Professional Development

Why it’s okay to just be average

Written by Michael Hoon

There’s so much pressure in the business world to be at the top of your field, to be the best, to be number one. The reality is that only one person can ever be the best, and there’s only one number one. That means that most of us will have to settle for not being best, and a great deal of us will also have to get used to being nothing more than … well … average.

So what? There’s nothing wrong with not being a superhero. There’s nothing wrong with simply being human, being just fine. Still, resigning yourself to the average bin can be very difficult after years of pressure to be the best and running yourself ragged to achieve unrealistic goals. Don’t bury your face in your pillow and start weeping yet, though. Perhaps the following will help you to feel better about your fabulously normal averageness.

You can still make a difference in people’s lives

So you’ve come to accept that you’ll never be the CEO. You won’t get a huge, impressive promotion or raise any time soon—you won’t even get a spiffy new title. But consider this: There is more to working than lofty goals, advancement, and yes, even big paychecks. Try to find fulfillment in areas of your work that doesn’t depend on external validation or recognition.

Does your work involve helping others?
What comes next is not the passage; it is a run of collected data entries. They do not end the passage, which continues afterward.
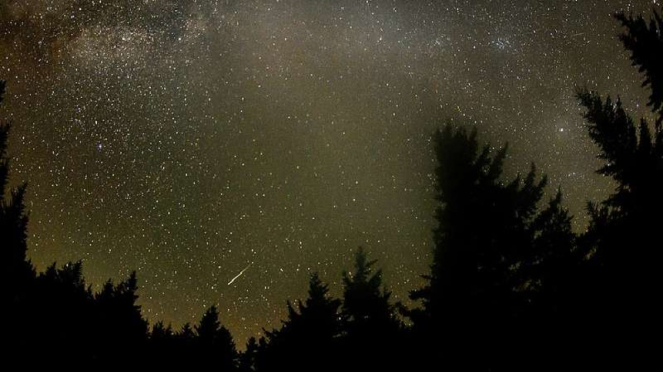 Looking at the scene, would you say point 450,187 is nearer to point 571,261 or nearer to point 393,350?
point 571,261

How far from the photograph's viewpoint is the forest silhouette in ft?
18.2

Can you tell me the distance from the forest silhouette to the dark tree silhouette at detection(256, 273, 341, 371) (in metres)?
0.04

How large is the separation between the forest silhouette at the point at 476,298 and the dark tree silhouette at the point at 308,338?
0.14 ft

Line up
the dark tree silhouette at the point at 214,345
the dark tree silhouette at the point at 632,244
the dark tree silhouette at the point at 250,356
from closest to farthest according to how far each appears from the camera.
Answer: the dark tree silhouette at the point at 632,244, the dark tree silhouette at the point at 214,345, the dark tree silhouette at the point at 250,356

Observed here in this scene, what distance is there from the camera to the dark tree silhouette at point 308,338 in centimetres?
1271

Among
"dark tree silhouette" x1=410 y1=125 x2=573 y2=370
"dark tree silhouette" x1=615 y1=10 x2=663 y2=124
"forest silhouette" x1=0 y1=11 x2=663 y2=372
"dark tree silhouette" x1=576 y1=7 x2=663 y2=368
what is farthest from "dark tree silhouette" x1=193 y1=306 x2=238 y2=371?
"dark tree silhouette" x1=615 y1=10 x2=663 y2=124

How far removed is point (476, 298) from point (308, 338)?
5831mm

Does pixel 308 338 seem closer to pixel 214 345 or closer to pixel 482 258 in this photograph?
pixel 214 345

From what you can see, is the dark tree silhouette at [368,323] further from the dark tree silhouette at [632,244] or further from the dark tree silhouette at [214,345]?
the dark tree silhouette at [632,244]

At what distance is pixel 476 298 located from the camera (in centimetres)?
927

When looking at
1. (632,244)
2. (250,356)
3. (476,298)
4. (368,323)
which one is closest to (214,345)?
(250,356)

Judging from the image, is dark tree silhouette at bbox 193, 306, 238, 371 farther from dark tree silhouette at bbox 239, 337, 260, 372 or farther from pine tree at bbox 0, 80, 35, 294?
pine tree at bbox 0, 80, 35, 294

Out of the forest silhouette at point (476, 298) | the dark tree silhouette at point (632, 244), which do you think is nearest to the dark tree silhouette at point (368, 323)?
the forest silhouette at point (476, 298)

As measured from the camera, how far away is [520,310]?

You might be helping people accomplish life-changing goals, such as finding the perfect house or paying off their student loans—or less critical ones, such as selecting a well-fitting skirt or getting someone in another department a data spreadsheet on time. Try to draw some joy from being a benefit to people—you are surely much appreciated if you make someone’s life even a little easier. Take pleasure in giving a co-worker a much-needed assist.

Maybe you can even figure out how your work can have a positive impact on the world outside the walls of your office. Try encouraging your employer to be more socially responsible by eliminating waste or improving diversity in hiring practices. Your boss may not award you with a promotion for your efforts, but they may still heed your suggestions and make valuable changes to the company that could be more rewarding than any promotion.

Find fulfillment during off the clock

One of the reasons there is so much pressure to strive for greatness at work is that our society places so much importance on our roles as workers. Think about it. When you meet someone new and that person asks you what you do, do you respond with how you spend your downtime or do you give your job description? Most people would probably answer by explaining how they earn a living. But your work does not have to define who you are or “what you do.” Sometimes a job is just a way to earn a living, and that is perfectly fine.

You may be average at work, but you can be extraordinary in your free time by pursuing the things that make you feel truly fulfilled. Some people find fulfillment by being creative: writing, playing music, painting, etc. Some enrich their lives by learning new things, so they spend their time outside of work taking classes without any intention to profit from what they learn. Some find great joy in their relationships and spend their evenings and weekends bonding with significant others, friends, and family members. Others may find that nothing brings more meaning to their lives than charitable endeavors. Try volunteering for a worthy cause or campaigning for a political candidate you believe will make the world a better place. You may find that doing so can be far more fulfilling than anything you could ever achieve at your 9-to-5.

The point of your life is not to earn judgment and bonus points. As long as you act with kindness and aim to do the best you can in every situation, you can be proud of yourself every day—even if your star doesn’t shine the brightest of everyone around you.